▶ [Data to process]:
--*--

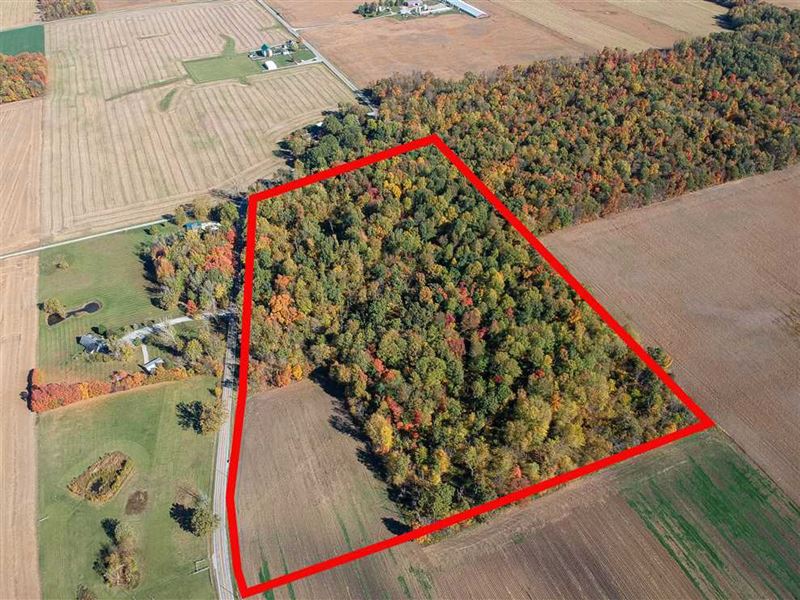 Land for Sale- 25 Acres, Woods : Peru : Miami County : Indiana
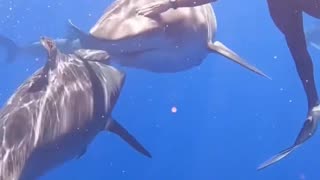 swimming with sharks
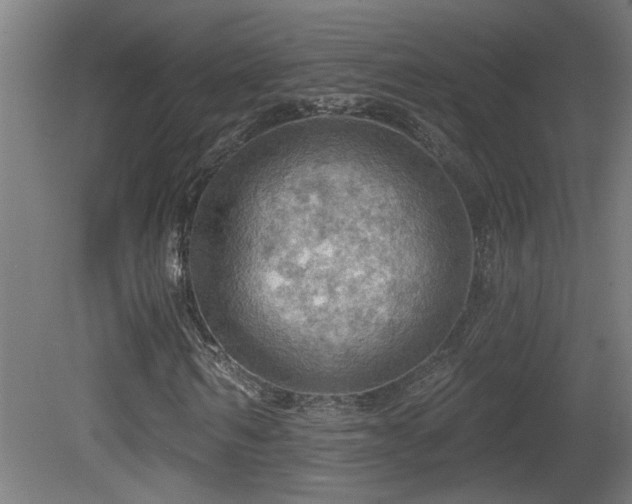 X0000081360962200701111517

--*--

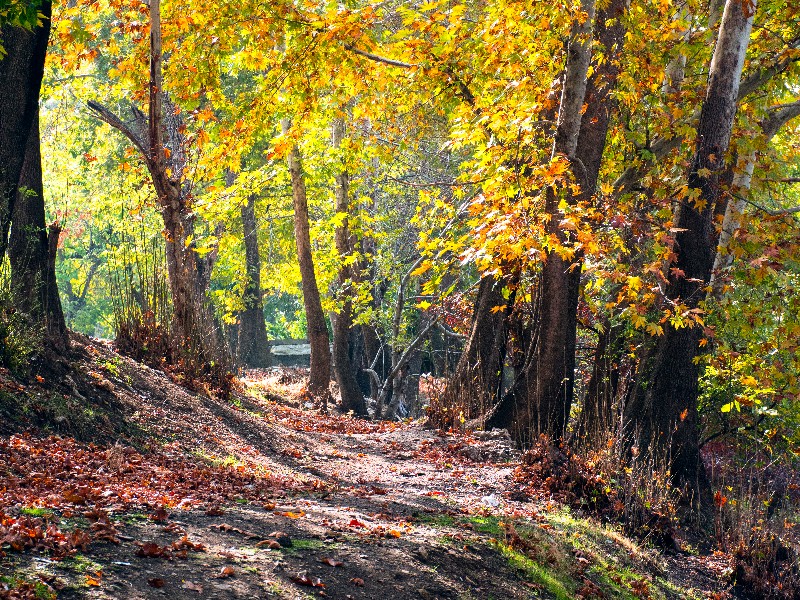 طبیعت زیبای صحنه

--*--

▶ [What is expected]: Nothing but the lines above from the line with "Land for Sale- 25" up to and including the line with "X0000081360962200701111517" should be returned, exactly as written and without pictures.

▶ [Response box]:
 Land for Sale- 25 Acres, Woods : Peru : Miami County : Indiana
 swimming with sharks
 X0000081360962200701111517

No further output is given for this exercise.